Raku / problem-solving

🦋 Problem Solving, a repo for handling problems that require review, deliberation and possibly debate
Artistic License 2.0
70 stars 16 forks source link

Supply blocks may reorder flow of execution #364

Open patrickbkr opened 1 year ago

patrickbkr commented 1 year ago

This is a follow up of https://github.com/rakudo/rakudo/issues/5141 and https://github.com/rakudo/rakudo/pull/5158

Consider the following piece of code:

my $p = Promise.new;
my $s1 = supply {
    await $p;
    say "processing whenever"
};
react {
    whenever $s1 { }
    $p.keep;
    say "end of react block";
}

That piece of code prints

end of react block
processing whenever

This is unexpected. The order seems reversed. Why is this so?

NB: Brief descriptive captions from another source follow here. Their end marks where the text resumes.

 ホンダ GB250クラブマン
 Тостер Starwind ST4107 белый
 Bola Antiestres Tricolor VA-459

By default whenevers tap their supply instantly and as a result run the supply block they are connected to. This has a potential for deadlocking when that supply block (or one nested via more whenevers) contains an emit as the emit will call the whenever block of the original supply, but by definition only a single execution branch is allowed in a supply block at any time. Possibly (I'm not sure about that) there are other scenarios posing similar deadlock issues without recursion being involved.

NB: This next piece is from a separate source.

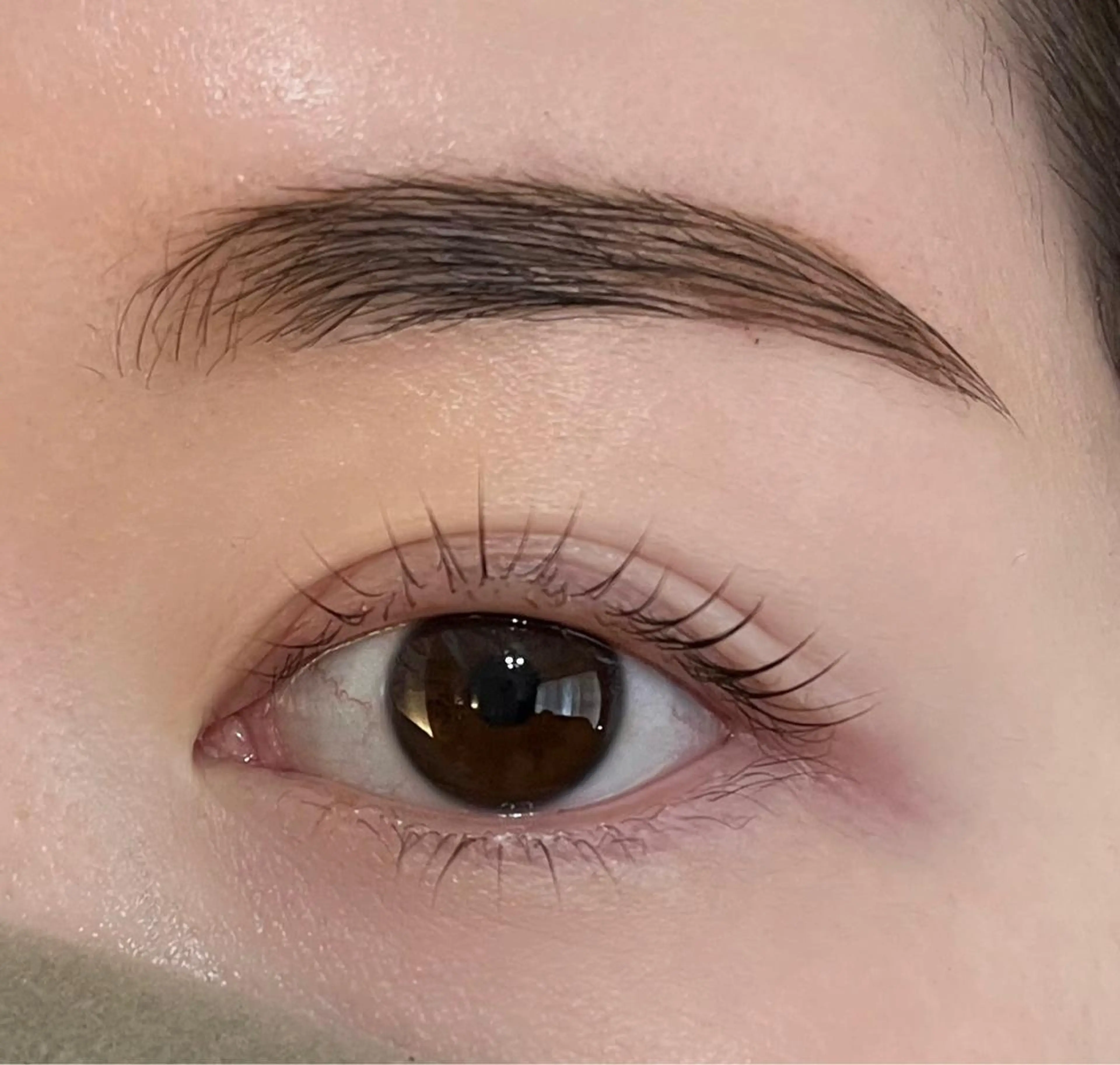 マツエク・マツパ アイブロウ Brave nyc. 都田のマツエク・マツパデザイン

The currently implemented solution for this deadlock problem in https://github.com/rakudo/rakudo/commit/26a9c313297a21c11ac30f02349497822686f507 and https://github.com/rakudo/rakudo/commit/547839200a772e26ea164e9d1fd8c9cd4a5c2d9f works as follows. When - in the setup phase, during the processing of a whenever tapping - an await happens (be it a protect, acquire, lock or plain await) a continuation starting at the root of the whenever tapping is taken. Only after the supply block itself finished running the continuation is resumed. So the order in which the code is executed is dependent on whether there is any locking going on in code tapped by the whenever.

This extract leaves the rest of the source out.